**Problem statement:** The answer should match the records character for character.

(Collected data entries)
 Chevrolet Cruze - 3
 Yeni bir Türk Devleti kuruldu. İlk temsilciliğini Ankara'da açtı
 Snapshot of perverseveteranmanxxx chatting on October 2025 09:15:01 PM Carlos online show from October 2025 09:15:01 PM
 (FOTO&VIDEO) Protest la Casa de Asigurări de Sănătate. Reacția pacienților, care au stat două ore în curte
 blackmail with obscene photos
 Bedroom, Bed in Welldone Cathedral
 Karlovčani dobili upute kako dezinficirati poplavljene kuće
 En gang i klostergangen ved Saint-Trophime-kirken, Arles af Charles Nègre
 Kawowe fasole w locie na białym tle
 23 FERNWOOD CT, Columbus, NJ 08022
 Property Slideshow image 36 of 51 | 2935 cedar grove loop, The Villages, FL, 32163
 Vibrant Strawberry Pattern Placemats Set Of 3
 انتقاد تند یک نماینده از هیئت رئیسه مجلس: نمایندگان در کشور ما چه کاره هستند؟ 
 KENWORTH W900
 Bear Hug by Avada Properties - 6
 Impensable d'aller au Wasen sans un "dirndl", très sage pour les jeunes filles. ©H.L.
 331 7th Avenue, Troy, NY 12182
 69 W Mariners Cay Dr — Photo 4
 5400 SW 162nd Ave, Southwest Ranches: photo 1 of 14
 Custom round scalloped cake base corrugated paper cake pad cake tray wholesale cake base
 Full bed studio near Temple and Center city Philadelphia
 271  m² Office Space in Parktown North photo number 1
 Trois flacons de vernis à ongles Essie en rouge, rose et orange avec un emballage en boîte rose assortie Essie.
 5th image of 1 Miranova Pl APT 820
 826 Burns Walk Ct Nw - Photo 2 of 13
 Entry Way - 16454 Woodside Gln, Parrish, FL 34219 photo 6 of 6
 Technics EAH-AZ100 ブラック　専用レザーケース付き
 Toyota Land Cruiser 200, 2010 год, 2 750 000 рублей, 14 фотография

**Exercise response:**
 Chevrolet Cruze - 3
 Yeni bir Türk Devleti kuruldu. İlk temsilciliğini Ankara'da açtı
 Snapshot of perverseveteranmanxxx chatting on October 2025 09:15:01 PM Carlos online show from October 2025 09:15:01 PM
 (FOTO&VIDEO) Protest la Casa de Asigurări de Sănătate. Reacția pacienților, care au stat două ore în curte
 blackmail with obscene photos
 Bedroom, Bed in Welldone Cathedral
 Karlovčani dobili upute kako dezinficirati poplavljene kuće
 En gang i klostergangen ved Saint-Trophime-kirken, Arles af Charles Nègre
 Kawowe fasole w locie na białym tle
 23 FERNWOOD CT, Columbus, NJ 08022
 Property Slideshow image 36 of 51 | 2935 cedar grove loop, The Villages, FL, 32163
 Vibrant Strawberry Pattern Placemats Set Of 3
 انتقاد تند یک نماینده از هیئت رئیسه مجلس: نمایندگان در کشور ما چه کاره هستند؟ 
 KENWORTH W900
 Bear Hug by Avada Properties - 6
 Impensable d'aller au Wasen sans un "dirndl", très sage pour les jeunes filles. ©H.L.
 331 7th Avenue, Troy, NY 12182
 69 W Mariners Cay Dr — Photo 4
 5400 SW 162nd Ave, Southwest Ranches: photo 1 of 14
 Custom round scalloped cake base corrugated paper cake pad cake tray wholesale cake base
 Full bed studio near Temple and Center city Philadelphia
 271  m² Office Space in Parktown North photo number 1
 Trois flacons de vernis à ongles Essie en rouge, rose et orange avec un emballage en boîte rose assortie Essie.
 5th image of 1 Miranova Pl APT 820
 826 Burns Walk Ct Nw - Photo 2 of 13
 Entry Way - 16454 Woodside Gln, Parrish, FL 34219 photo 6 of 6
 Technics EAH-AZ100 ブラック　専用レザーケース付き
 Toyota Land Cruiser 200, 2010 год, 2 750 000 рублей, 14 фотография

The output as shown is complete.